EXERCISE AIM:
Could you repeat every entry below word for word, leaving out the pictures?

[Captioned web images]
——
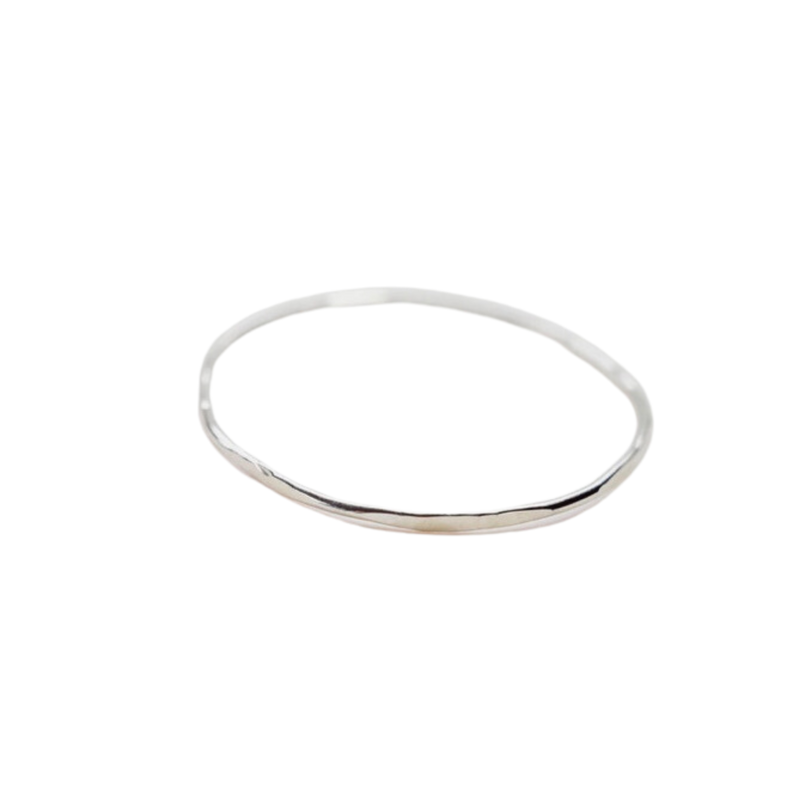Hex Silver Stacking Bracelet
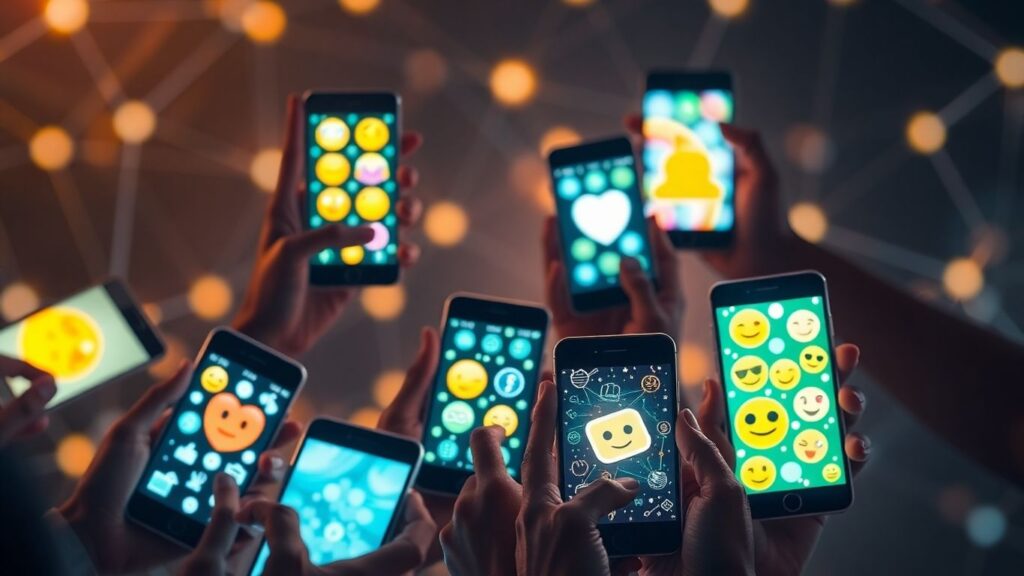 Digital communication with emojis and connections.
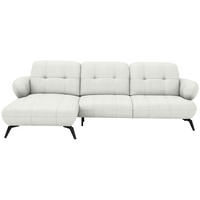 ECKSOFA Flachgewebe Grauweiss  - Schwarz/Grauweiss, Modern, Textil/Metall (180/282cm) - Novel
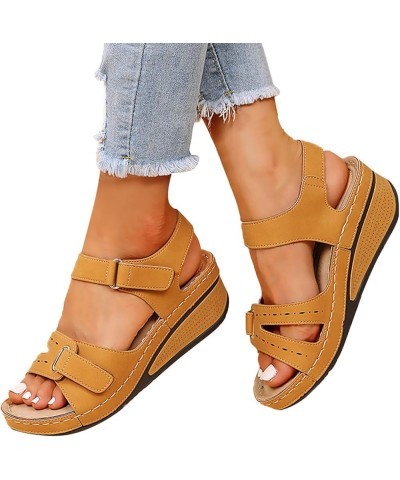 Womens Sandals Orthopedic Slip On Wedge Sandals Open Toe Low Heel Sandals Band Sandals with Arch Support A05-yellow $11.75 Sa...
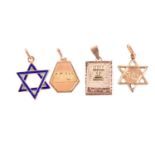 A group of four yellow metal Judaica charms, including a blue enamel Star of David, indistinct marks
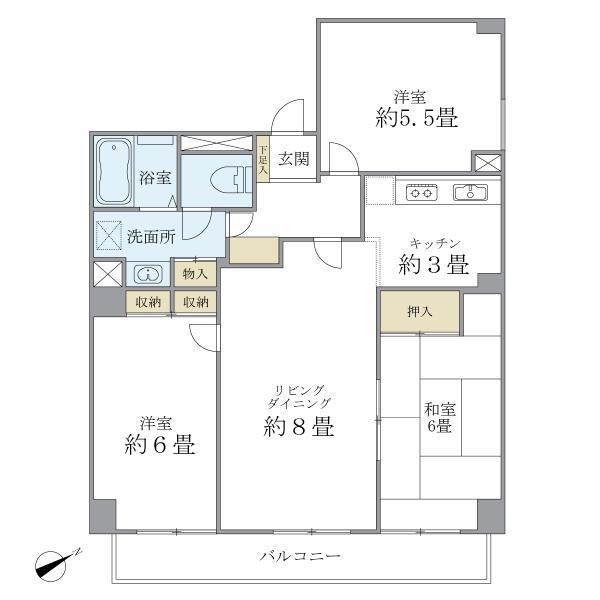 シティハイツ根津(3LDK/10階)の間取り写真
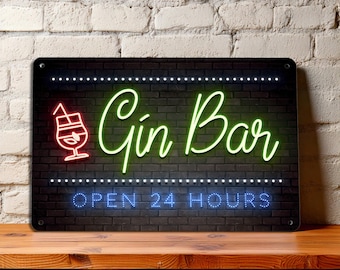 Gin-skylt | Tryckt metallskylt | Väggkonst med neontryck | Tillbehör för cocktailbarer
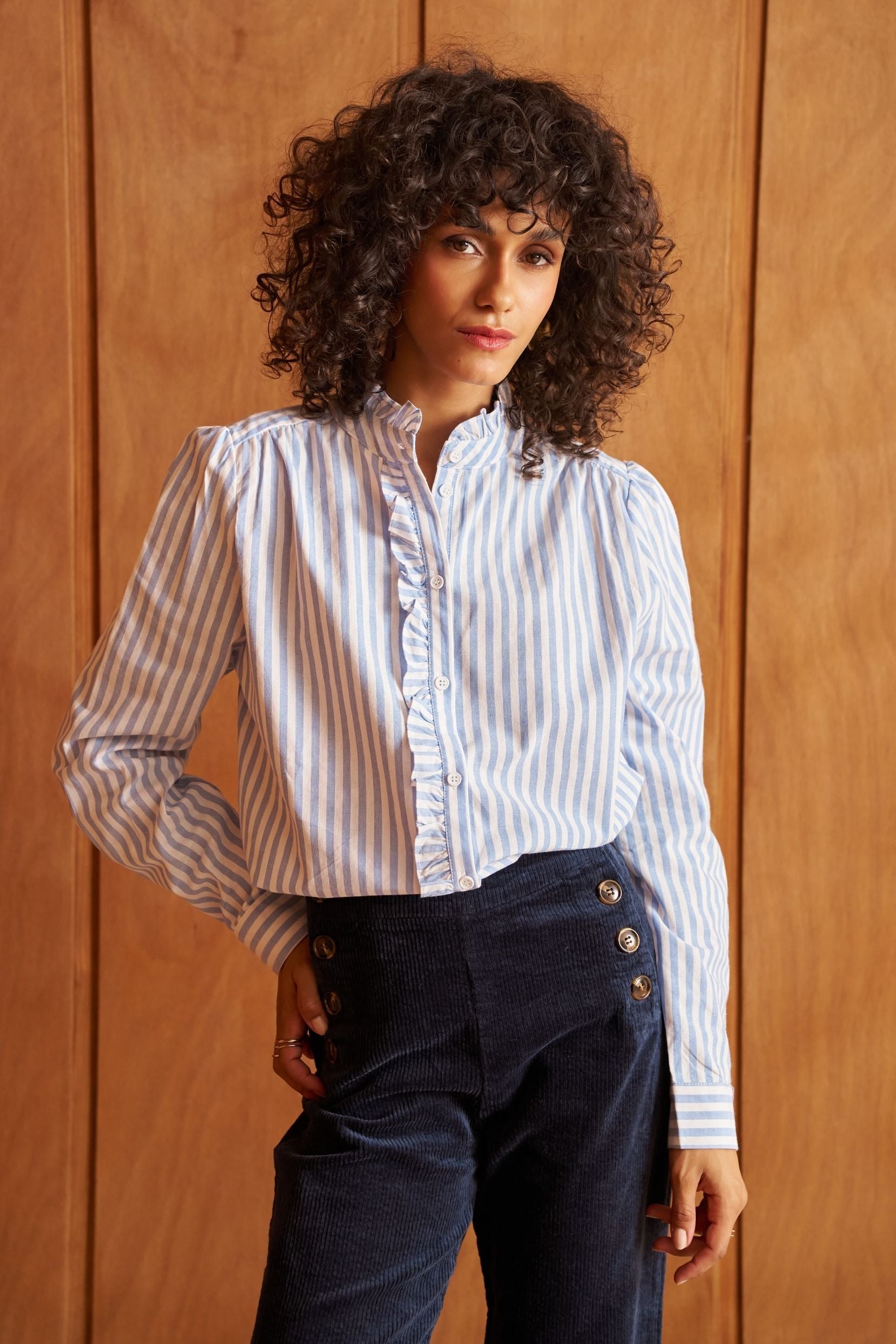 Chemise Andréa Rayé Bleu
——
SOLUTION FOR THIS TASK:
Hex Silver Stacking Bracelet
 Digital communication with emojis and connections.
 ECKSOFA Flachgewebe Grauweiss  - Schwarz/Grauweiss, Modern, Textil/Metall (180/282cm) - Novel
 Womens Sandals Orthopedic Slip On Wedge Sandals Open Toe Low Heel Sandals Band Sandals with Arch Support A05-yellow $11.75 Sa...
 A group of four yellow metal Judaica charms, including a blue enamel Star of David, indistinct marks
 シティハイツ根津(3LDK/10階)の間取り写真
 Gin-skylt | Tryckt metallskylt | Väggkonst med neontryck | Tillbehör för cocktailbarer
 Chemise Andréa Rayé Bleu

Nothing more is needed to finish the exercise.